Every line of the listing below must be printed again exactly, apart from its pictures.

- **Dataset extract**
▬▬▬▬▬▬▬▬▬▬
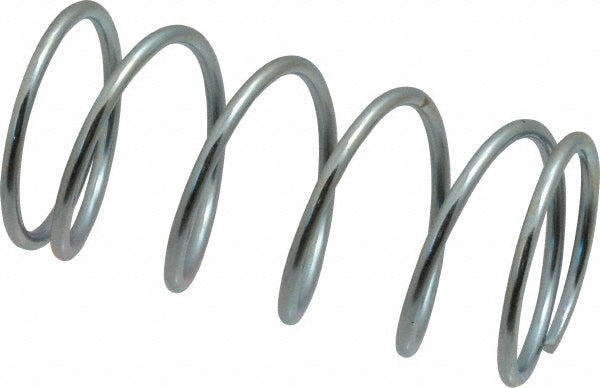Value Collection 06813315 Compression Spring 0.975" OD, 2" Free Length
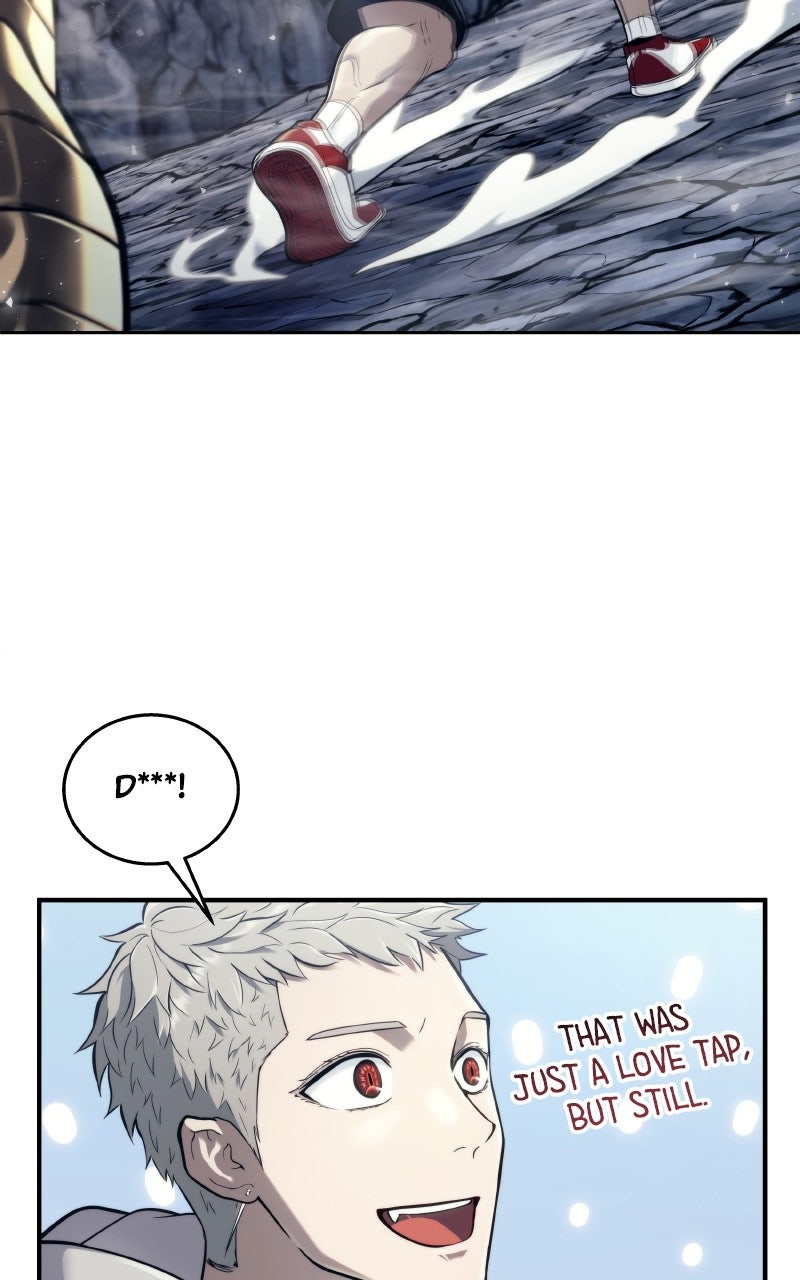 Read Tower of God Urek Mazino Manga Online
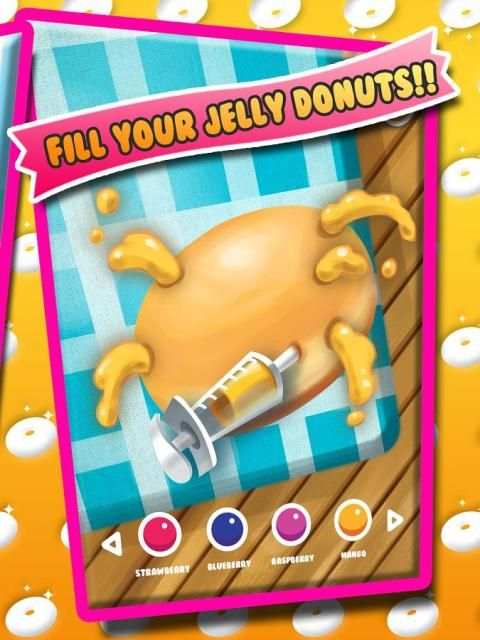 My Donut Shop screenshot 7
▬▬▬▬▬▬▬▬▬▬
- **Exercise response**
Value Collection 06813315 Compression Spring 0.975" OD, 2" Free Length
 Read Tower of God Urek Mazino Manga Online
 My Donut Shop screenshot 7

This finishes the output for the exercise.